ACTIVITY: Find the line with "Спатифиллум сенсация детка" and the line with "Borstige Robinie (Robinia" in the entries below; output exactly those two lines, every line between them, and no others.

DATA PROVIDED:
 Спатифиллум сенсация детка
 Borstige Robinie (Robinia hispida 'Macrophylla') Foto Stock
--
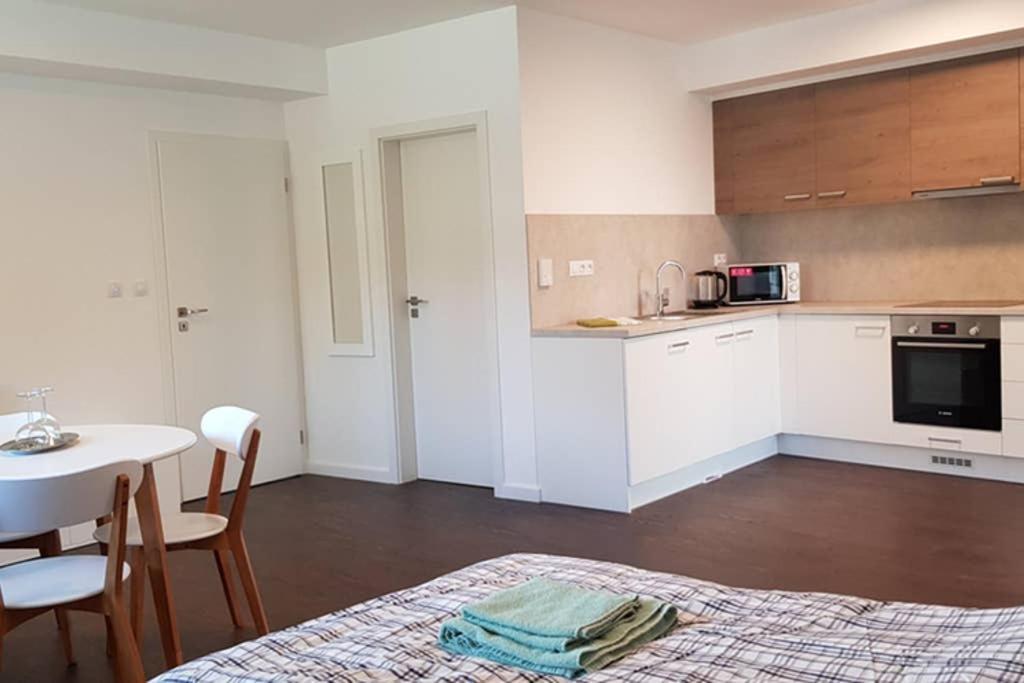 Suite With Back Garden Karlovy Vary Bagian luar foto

RESULT FOR THIS EXERCISE:
 Спатифиллум сенсация детка
 Borstige Robinie (Robinia hispida 'Macrophylla') Foto Stock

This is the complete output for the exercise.